Unfortunately, Richard Florida, through his extensive research on the most creative cities in the world, shows a clear correlation between the presence of college campuses (with their tolerant, free thinking) and economic progress. This gives the recent event at UTECH national importance, and provides its leaders with a unique opportunity to not only demonstrate a real-life transformation for corporate Jamaica, but also to restore itself as a model of free thought.
Firing a few guards and expelling a few students will help little, if at all. In 2011, in a similar incident, a thief was caught and assaulted by a mob of UTECH students. In 2003, a robber was stoned to death in a cesspool by another UTECH mob. Small actions do not solve big problems, and it’s obvious that the responses in 2003 and 2011 were pitifully inadequate.
Based on this short history, this sorry episode is likely to be repeated if the administration, once again, fails to do enough to change the campus’ culture. Defensive arguments that “we did enough” only demonstrate an unwillingness to do what’s necessary, and what’s right.
In every corporate transformation that I have witnessed, the leadership team has hit a turning point that has caused a monumental internal shift. But it only happened after the easy options were exhausted. In this particular case, it might start when a critical mass of UTECH managers, faculty and students realize that nothing will be different after the “guilty” guards and students have departed.
The intractable nature of the university’s culture indicates that leaders need to take the next step and give up blaming and finger-pointing as tools for change. This particular act of violence was complex, and an inquiry may only end up showing that no-one at UTECH, or even in Jamaican society, is entirely innocent, whether they were part of the chase or not. Such a conclusion renders the act of punishment useless.

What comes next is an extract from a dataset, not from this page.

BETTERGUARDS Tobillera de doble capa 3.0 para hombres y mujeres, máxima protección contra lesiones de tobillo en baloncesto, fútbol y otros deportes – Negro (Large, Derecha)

If no one can be blamed and punishment is ineffective, should we immediately resign ourselves to a repeat of this tragedy? Should UTECH simply invest in a faster-acting public relations machinery to deal with the next expected act of mob violence?

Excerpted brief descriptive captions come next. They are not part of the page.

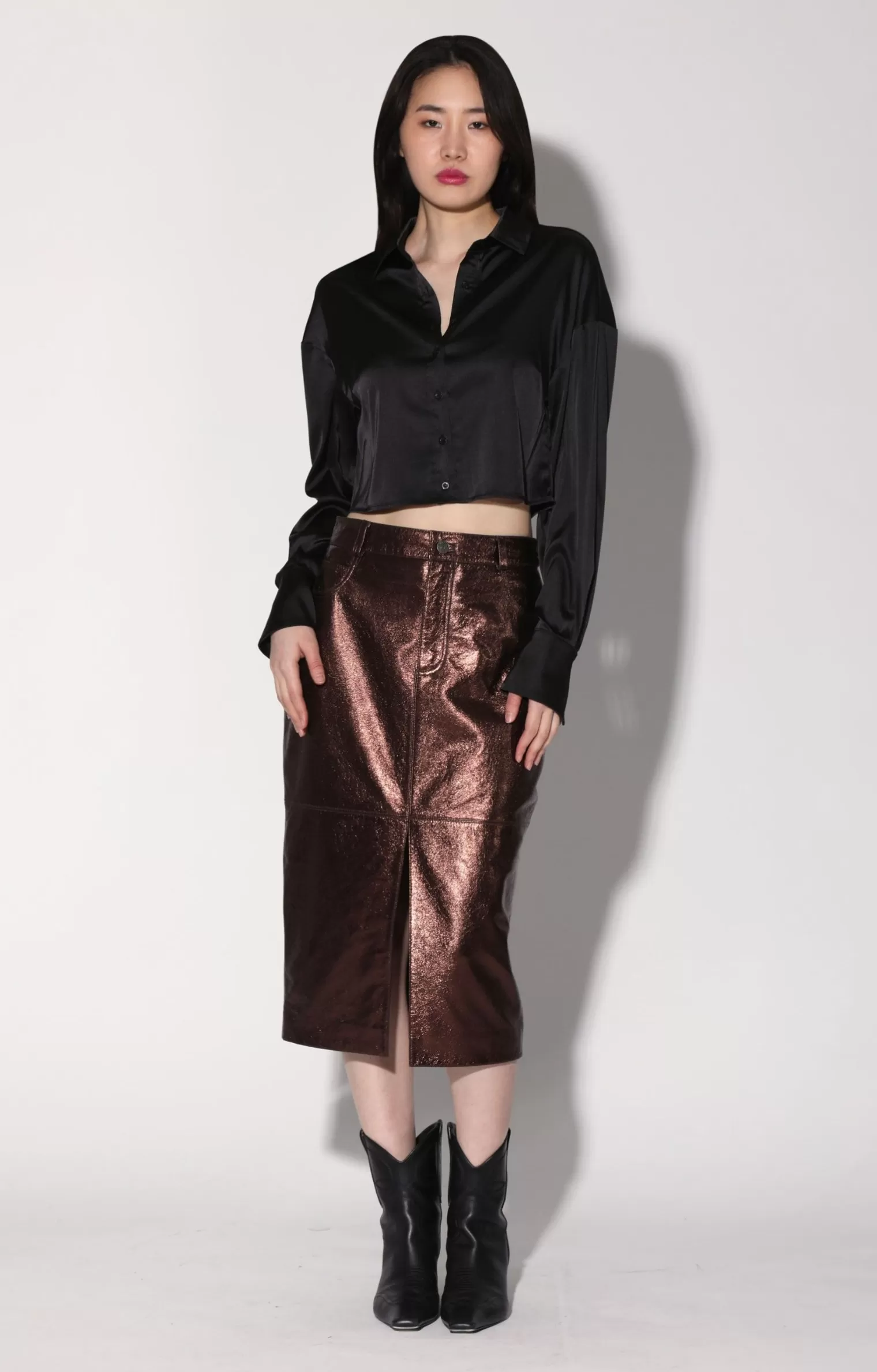 Walter Baker Glynice Skirt, Bronze Leather>Women Bottoms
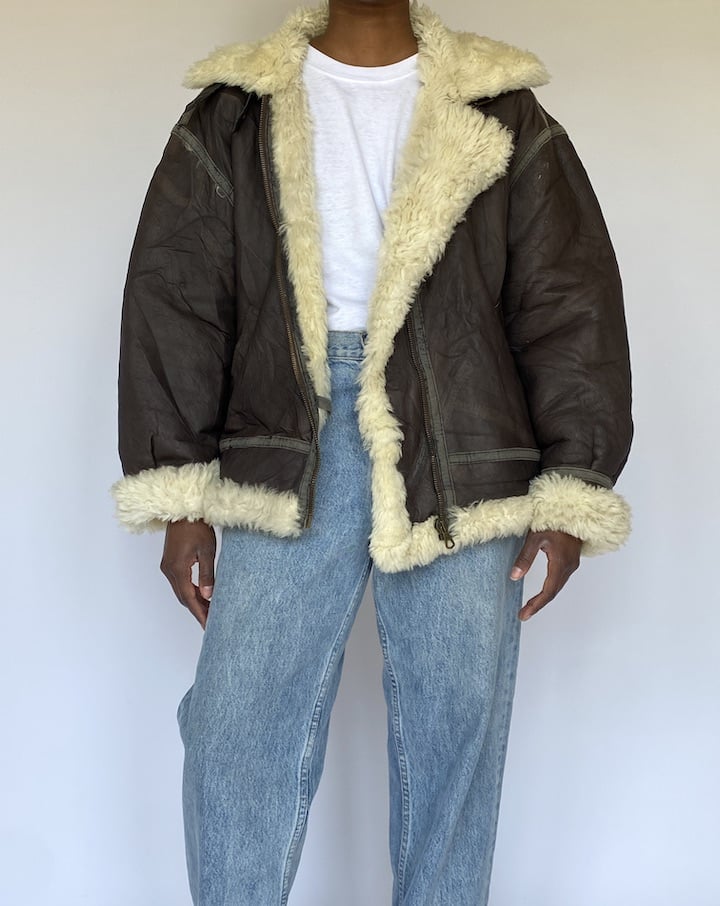 Vintage Brown Shearling Leather Jacket 4986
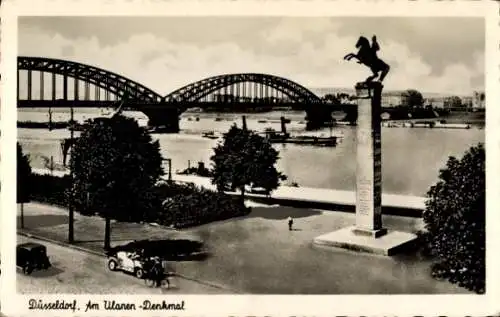 Ak Düsseldorf am Rhein, Ulanen-Denkmal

My research and experience show that true corporate transformations don’t involve giving up. Instead, leaders take an extraordinary step — they demonstrate a public willingness to discover their personal contribution to problems and issues.
At UTECH, this would mean more than making showy cries of “Maxima Mea Culpa.” Genuinely transformative leaders would search their motives and actions for insight into how their missteps, ignorance and foot-dragging made it easier for this particular act of mob violence to occur. Obviously, this isn’t an activity for the faint of heart.

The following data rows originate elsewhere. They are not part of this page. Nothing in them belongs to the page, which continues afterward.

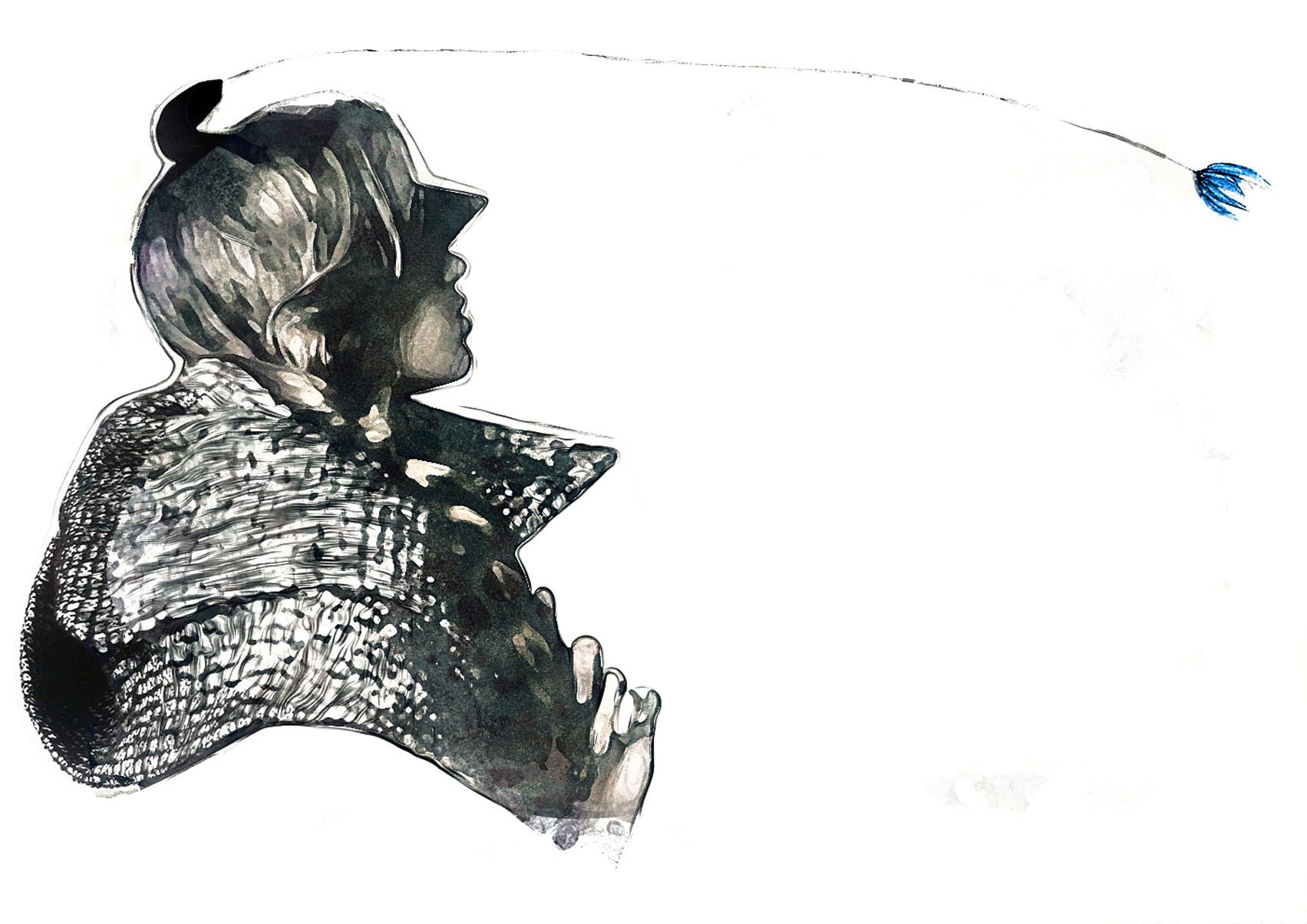 Black and white technical costume design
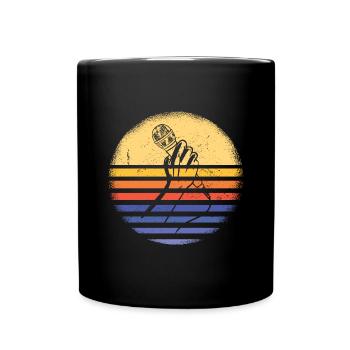 Comedian Retro Sunset Stand Up Comedy - Full Colour Mug - black - Front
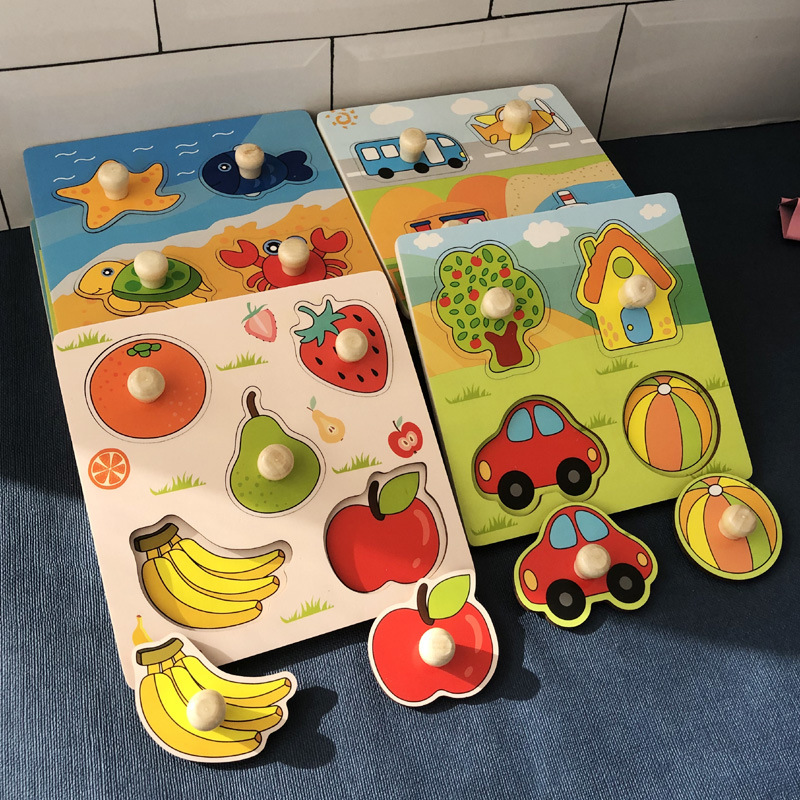 1 szt. Ręka dziecięca Scratch Board Puzzle 3D drewniane zabawki dla dzieci dziecko Montessori wczesna edukacja owoce Puzzle poznawcze zabawka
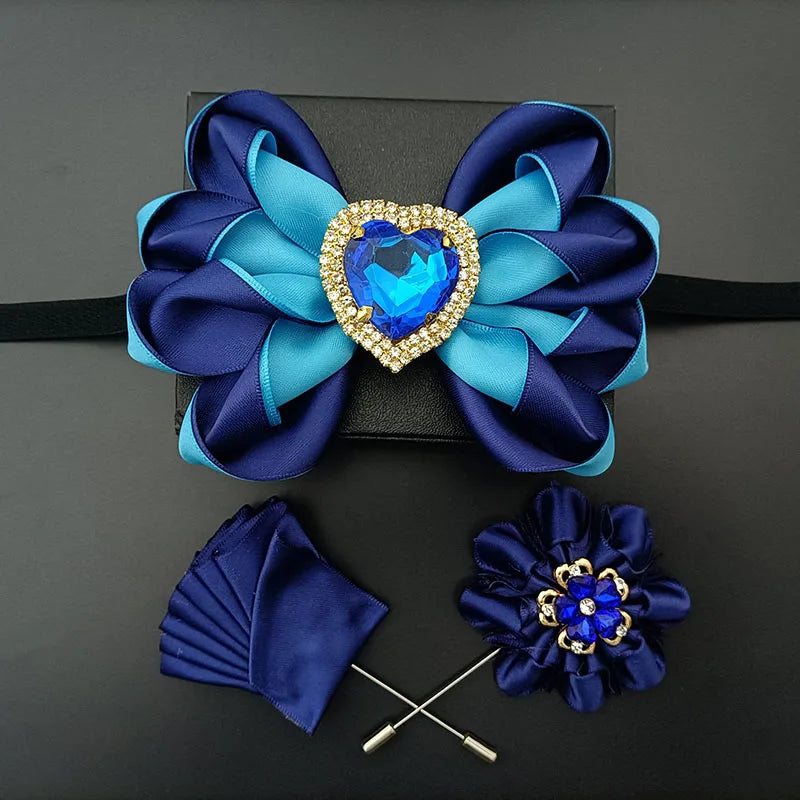 Original Design Bow Tie Set Luxury High-end Men's Dress Shirt Accessories Collar Flower Corsage Wedding Bowtie Pocket Towel Sets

Most of us resist this kind of rigorous self-examination. Instead, too many of us play “the blame game,” a pursuit that blinds us to real solutions. The handful of brave souls who persevere in this inquiry typically come up with a raft of changes to make, and start to show others how they, too, can take responsibility and empower themselves. Fixing tough problems like mob violence and homosexual hatred become possible.
That’s where a corporate transformation always starts: when at least one person freely decides to constitute him or herself as the cause or source of an undesired result. It’s what Gandhi meant when he said, “If you want to change the world, become the first change.”
Transformation requires an act of radical responsibility, and it’s available to all professionals, in every company. It needn’t start at the top, but when it does, executives can set a transformative example for others that gives them the courage to try it for themselves, on their most difficult problems. The kind of power that comes from this act is contagious, attractive, but elusive.
Early in his career, Martin Luther King Jr. was a pastor for a comfortable, middle-class church in Montgomery. His career was set, and he didn’t need to take responsibility for the end of local segregation in his new hometown. But as he later said, “An individual has not started living until he/she can rise above the narrow confines of his/her individualistic concerns to the broader concerns of all humanity.” UTECH’s leaders have the opportunity to lift us all to a different place, starting with their transformation and a new degree of responsibility.